NewQuest Capital Partners is Asia’s first private equity (PE) fund with a focus on secondary transactions. The fund, which buys portfolios from existing investors, has so far secured four deals in India. In the current situation, where PE exits through initial public offerings and strategic sales seem difficult, NewQuest plans to later reap a windfall by signing more secondary deals. Amit Gupta, partner and chief operating officer of NewQuest Group, speaks to Reghu Balakrishnan on the secondary deal market, as well as its plans in India. Edited excerpts:

What’s NewQuest’s operation model?
NewQuest helps financial investors with customised liquidity solutions. We buy either single or pools of assets from current owners. This helps the sellers manage their portfolios effectively and at the same time drives liquidity for their LPs (limited partners). We then partner with investee companies to help them achieve their business plans and provide follow-up investments as and when appropriate.

What’s the difference between NewQuest and other funds that do secondary deals?
We are the only pan-Asian direct secondary player operating today. Most funds active in the secondary space in the region are fund of funds. Unlike the fund of funds, we do not buy secondary LP stakes but purchase direct positions from current managers. In fact, we often complement fund of funds offerings, as those operating in the secondary space generally need a GP (general partner) like us to manage positions for them.

What are the advantages of running an exclusive secondary transaction fund?
Being a focused direct secondary player allows us to be a very credible counterparty to investors seeking bespoke liquidity solutions. Our flexible approach to customise transactions, based on the liquidity objectives of the seller and capital needs of the underlying portfolio companies, help sellers refocus on core investment and portfolio management activities.

How’s the Indian market on secondary PE deals?
Over the last decade, India, like other Asian markets, has only experienced one cycle of minority growth transactions. As that first cycle is nearing its end, and the most recent cycle begins, the direct secondary market is likely to pick up. We are now seeing greater interest from both sellers and buyers than before. While single-asset direct secondary transactions have been more prevalent in the past, we believe multi-asset deals will increase as PE firms grow and start looking at their portfolios more holistically.

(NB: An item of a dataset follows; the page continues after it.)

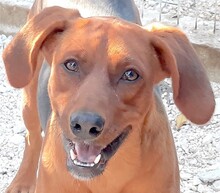 HOGAN3, Hund, Mischlingshund in Zypern - Bild 1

The Indian market remains tough for PE exits. Do funds for secondary deals have significance?
In the current scenario, lack of capital markets is the main reason for most deals we are seeing. I believe this is because most PE investments were made with an IPO exit as the only liquidity consideration. We expect this to change. Multiple exit opportunities will be considered by primary investors at the time of investment — including trade sale, secondary, strategic sale, and IPO. Even if the capital markets rebound, given the volume of deal flow invested in India over the past five-seven years, direct secondary transactions will likely help augment those exits, as not all companies will be able to achieve their initial exit horizons. Currently, secondary deals in India are less than 10 per cent of total exits. We believe this can go up to mid-teens in three years.

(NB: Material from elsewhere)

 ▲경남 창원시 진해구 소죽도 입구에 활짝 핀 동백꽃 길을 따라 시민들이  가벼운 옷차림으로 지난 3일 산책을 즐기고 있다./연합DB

How big is your fund and what percentage will be in India?
Our first fund raised in 2011 was $400 million. We do not have any country-specific strategy. We can deploy a significant amount of funds in India. In the long term, we estimate 30-35 per cent of our business will come from India. We prefer to do deals where the investment size amounts are $10-50 mn in a company. While we consider deals across all sectors except real estate, we see concentration in the financial services, infrastructure and technology segments.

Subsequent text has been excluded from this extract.